Developing closer ties to the adult children of clients is the core of any family engagement program. The numbers alone make a compelling case. An estimated $30 trillion will pass from Baby Boomers to Generation X to Millennials over the next three decades, and even if the numbers are off by several trillion dollars, they remain staggering.
Currently about two-thirds of adult children fire their parents’ financial advisor after they inherit their parents’ wealth, according to an InvestmentNews survey. There are many reasons for the loss, but the primary one is a lack of any ongoing relationship between the advisor and the client’s adult children.
More than half (54%) of advisors surveyed by InvestmentNews said they meet with the adult children less than once a year. The second largest percentage of advisors, 18%, say they do not meet with the children at all. Just 8% said they meet two or three times a year, and less than 2% said they meet quarterly or more frequently.
Given the age of the advisor population, as well as the typical age of their clients, many advisors may not have a substantial number of client relationships with those in the age range of their clients’ children. Adult children of many advisory clients tend to be either members of the post-Boomer generation called Gen X—whose ages range from 40 to their mid-50s—or Millennials, typically the children of Baby Boomers, ranging in age from about 20 to 40.

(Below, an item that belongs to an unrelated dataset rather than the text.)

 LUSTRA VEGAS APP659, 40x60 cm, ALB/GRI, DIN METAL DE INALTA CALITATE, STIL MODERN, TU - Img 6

Of these age cohorts, advisors are more likely to have primary relationships with the older end of the Gen X generation, but understanding the motivations, needs and communication styles of both these groups is important in developing an engagement plan aimed at them.

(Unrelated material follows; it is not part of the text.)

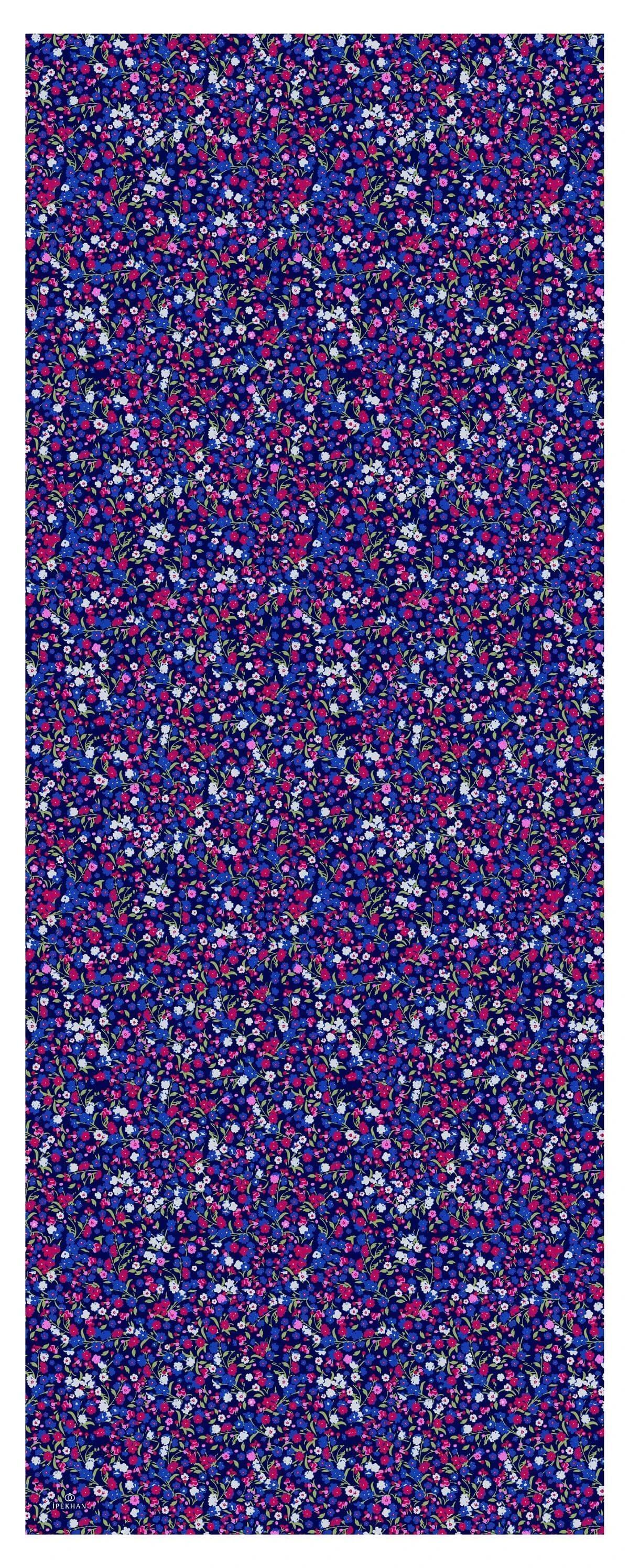 Marrakech Koleksiyon Soft Şal Lacivert Kırmızı 3046-11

Just as not all Baby Boomers are identical, not every member of Gen X or the younger Millennials is alike. Yet research has produced some defining characteristics. Let’s start with Gen Xers.
Growing up in a more gender-equal world, they are the first generation raised with two working (sometimes divorced) parents, and many were latchkey children who spent weekday afternoons without supervision.
Many struggled to find jobs after college and they were hardest hit by the real estate bust in 2007 because many had bought homes at the peak of the bubble and lost money. For Gen X, improving health, planning for the future, and paying off debt are the most common goals for the next 10 years.
For Millennials, saving for the unexpected tops their list of financial concerns. They realize they should save more, and many do, but as a group they are anxious about putting away enough while still trying to pay off student loans—which about one-quarter still have.
Millennials account for about half of all households with children, which means they often are the parents of advisory clients’ grandchildren. Research has found that Millennial parents are worried about medical expenses and managing their credit card debt; less than one third think they will have an easier time financially than those who came before them.